* TASK INSTRUCTIONS *
Go to the line with "Blanc chaud - Guirlande" in the entries below and write out every line from there through the line with "שליטה בטכנולוגיית VPS: בסיס", exactly and without pictures.

Source records
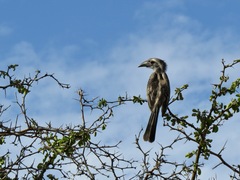 Lophoceros nasutus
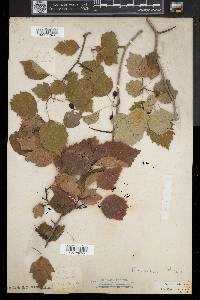 Crataegus coccinea image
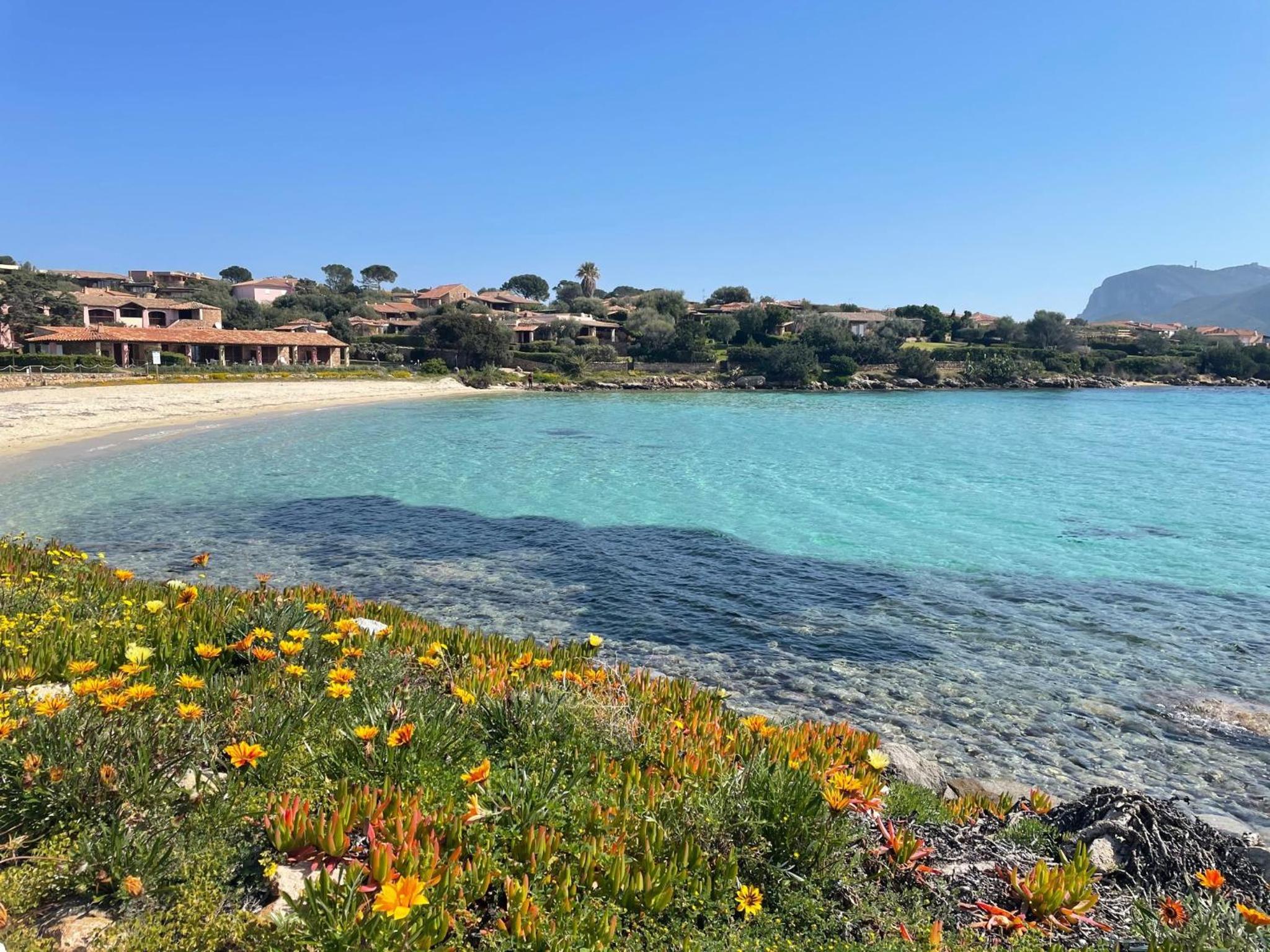 Le case del golfo - Your House in Sardinia view 3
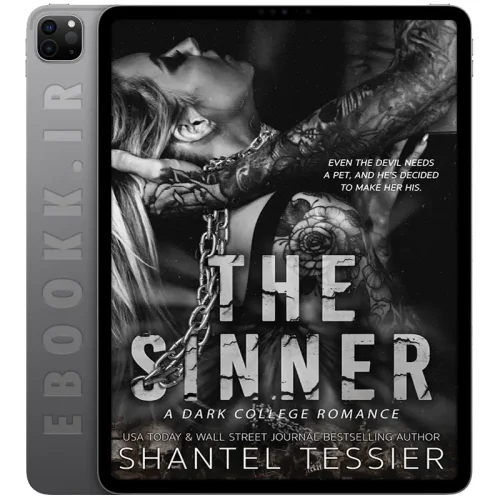 دانلود کتاب The Sinner 2022 5 دانلود کتاب The Sinner 2022 به زبان انگلیسی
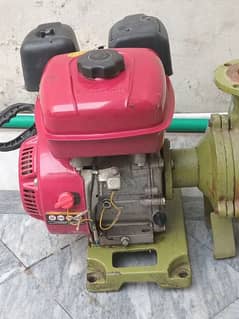 China piter pump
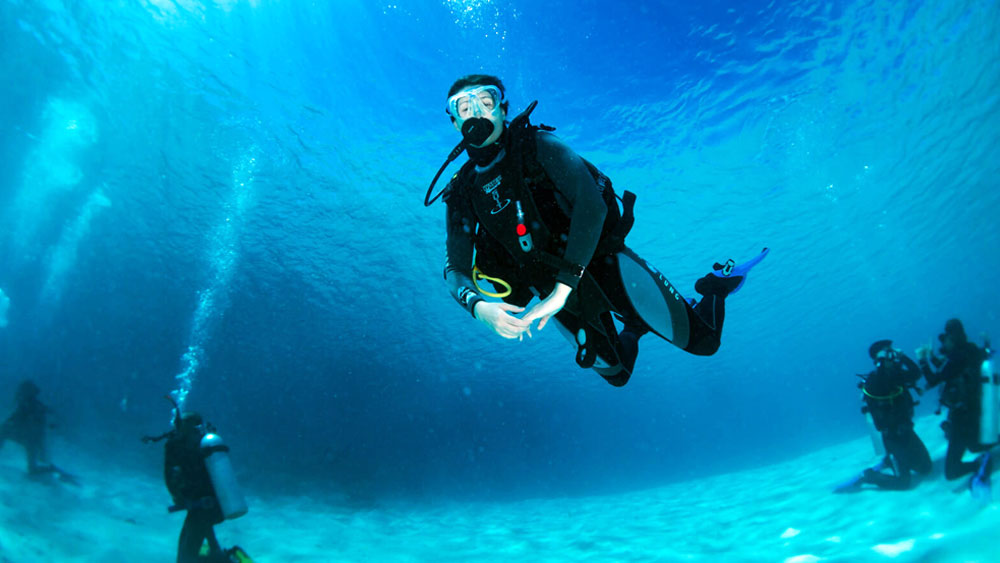 সেনাবাহিনীর কাজে ডলফিনকে কাজে লাগানোর প্রক্রিয়া অবশ্য রাশিয়ায় প্রথম নয়। এর একটি ইতিহাস আছে। শত্রুপক্ষের ডুবুরিকে চিহ্নিত করা বা সমুদ্রে নীচে কোনও বিস্ফোরক এমনকি কোনও বস্তুকে উদ্ধার করে নিয়ে আসার কাজে প্রশিক্ষণ দেওয়া হয় ডলফিনগুলিকে।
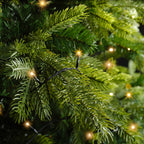 Blanc chaud - Guirlande LED Basic 18 m - 240 led, allumée dans les branches d'un sapin
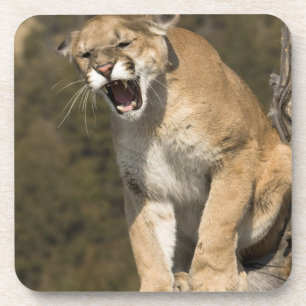 Puma oder Berglöwe, Puma concolor, in Gefangenscha Untersetzer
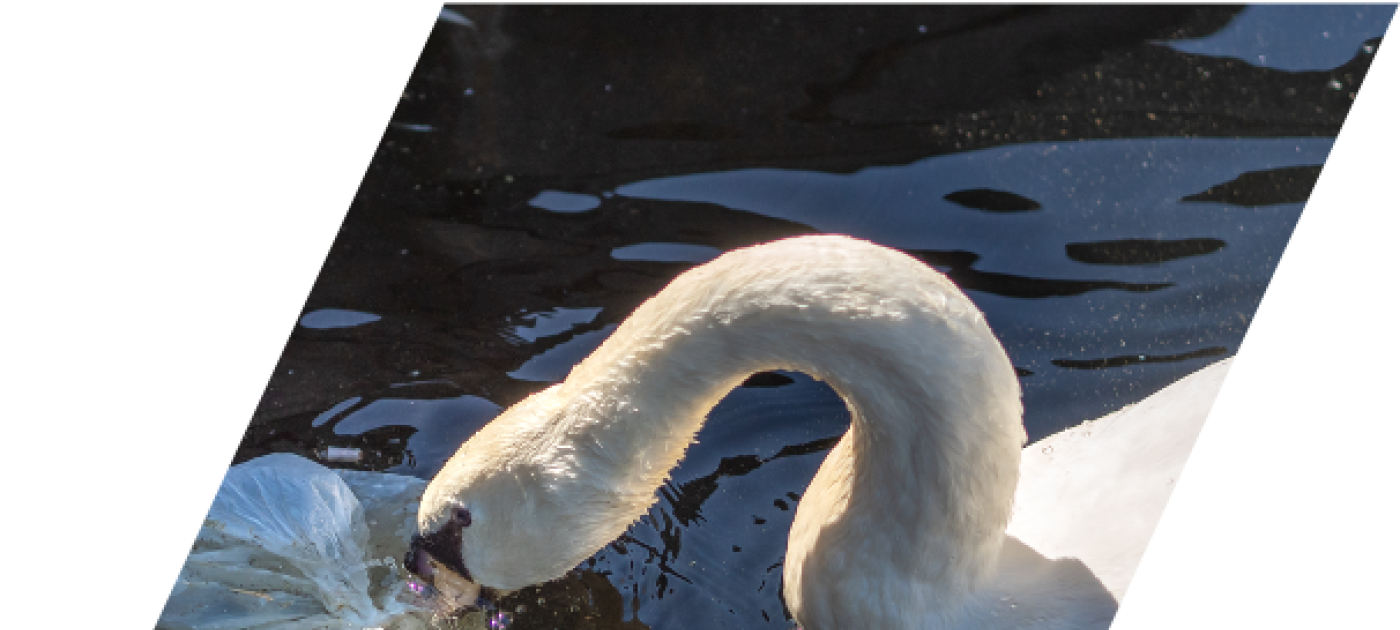 Duck with plastic at its beak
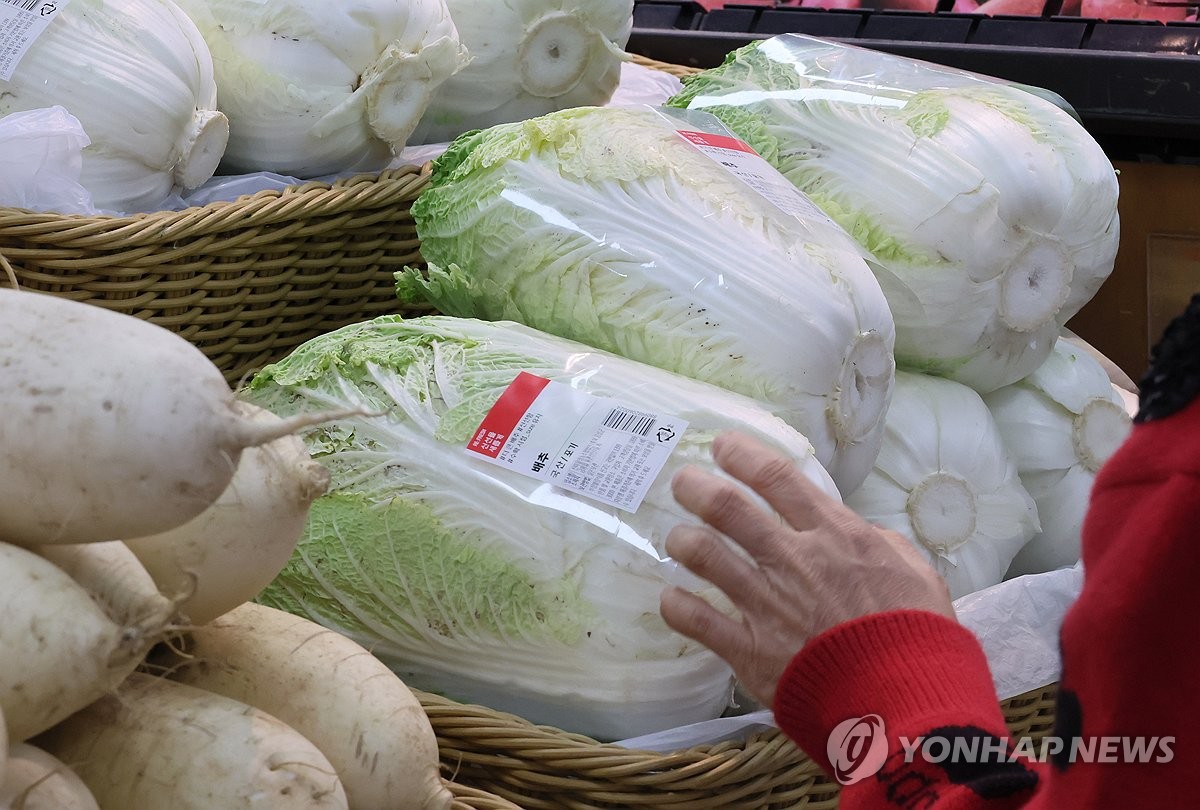 배추·무·상추·시금치 값 '고공행진'…배도 생산 차질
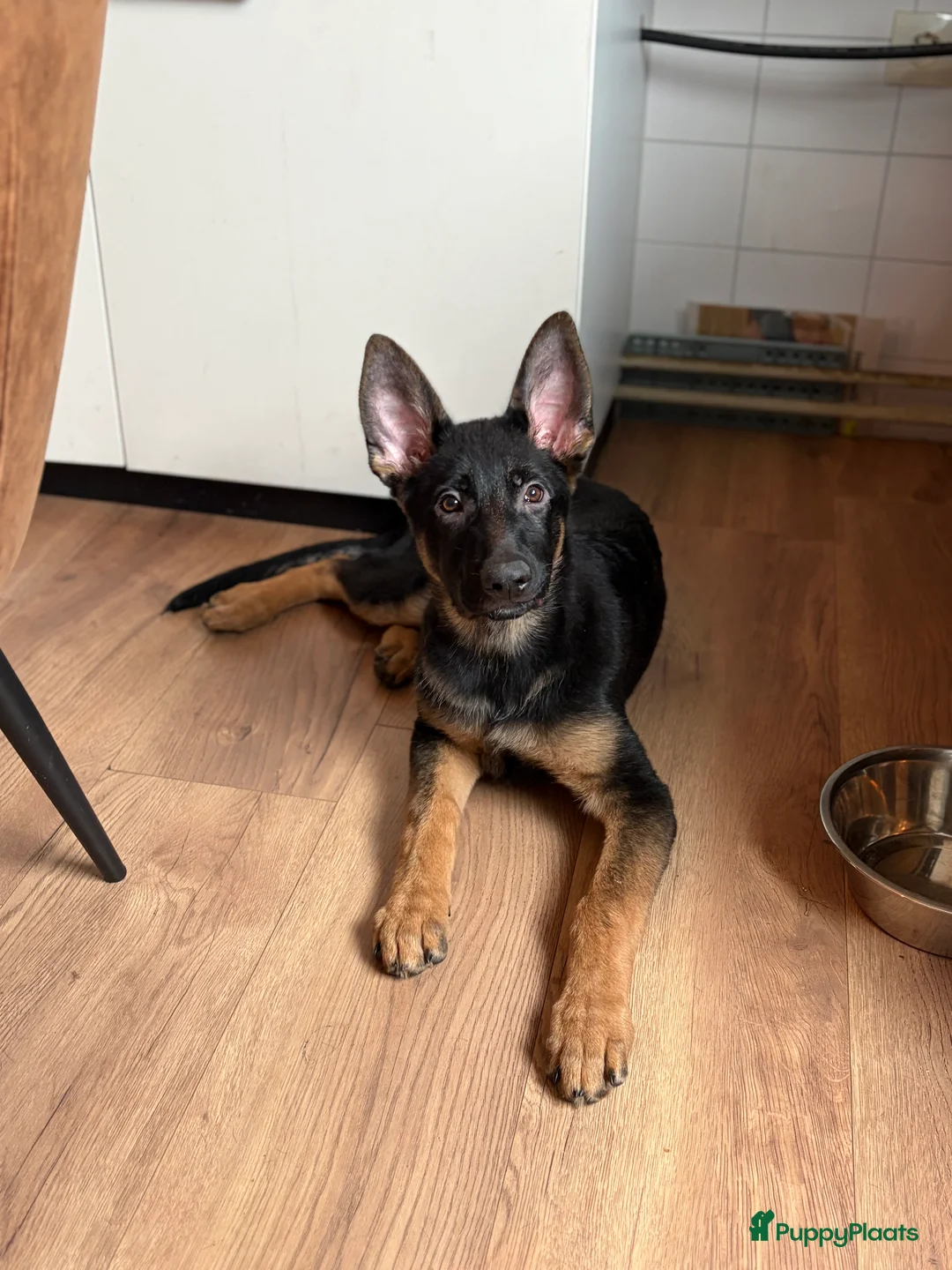 Duitse Herder honden te koop: Herder pup 16 weken (21-9-2025) - Advertentie 3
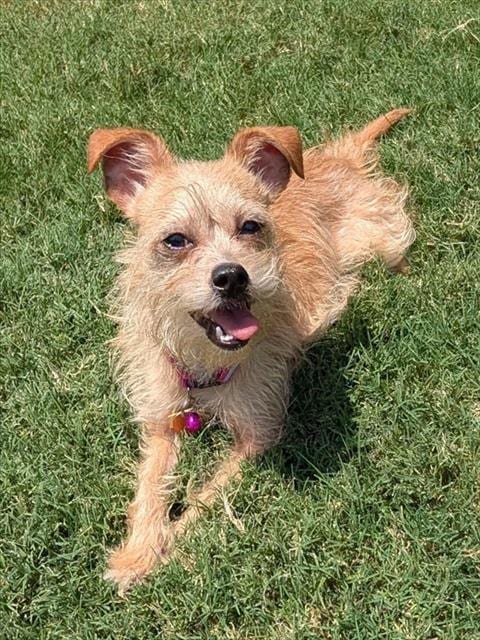 Photo of Gigi, adoptable Yorkshire Terrier Yorkie in Plano, Texas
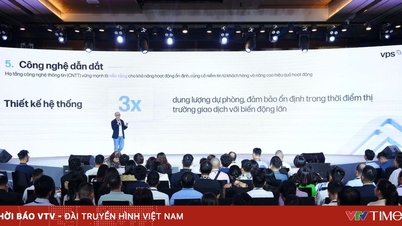 שליטה בטכנולוגיית VPS: בסיס איתן לתפקיד חלוצי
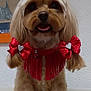 dog, pet, fluffy, bow, red_bow, collar, red_collar, indoor, cute, groomed, portrait, animal, furry, small_dog, sitting, face, ears, fur, adorable, home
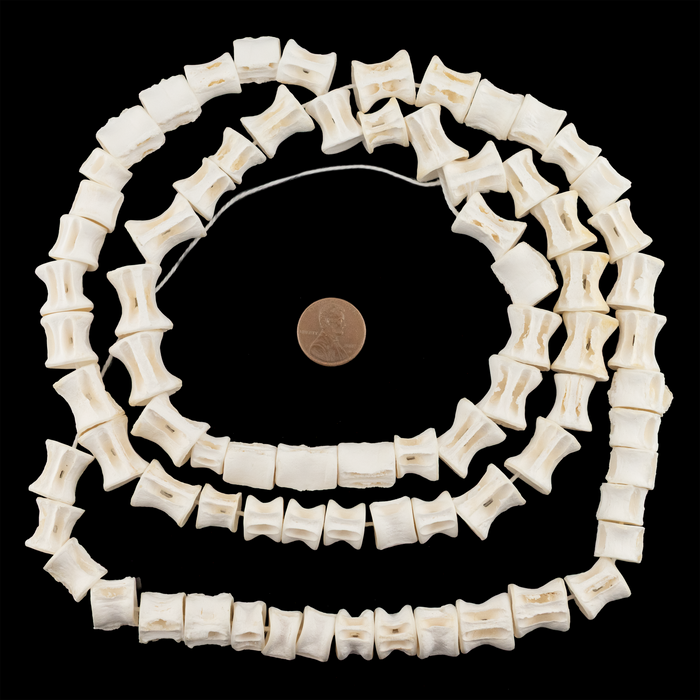 Elongated Fish Bone Beads (12-16mm)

* ANSWER TO THIS EXERCISE *
 Blanc chaud - Guirlande LED Basic 18 m - 240 led, allumée dans les branches d'un sapin
 Puma oder Berglöwe, Puma concolor, in Gefangenscha Untersetzer
 Duck with plastic at its beak
 배추·무·상추·시금치 값 '고공행진'…배도 생산 차질
 Duitse Herder honden te koop: Herder pup 16 weken (21-9-2025) - Advertentie 3
 Photo of Gigi, adoptable Yorkshire Terrier Yorkie in Plano, Texas
 שליטה בטכנולוגיית VPS: בסיס איתן לתפקיד חלוצי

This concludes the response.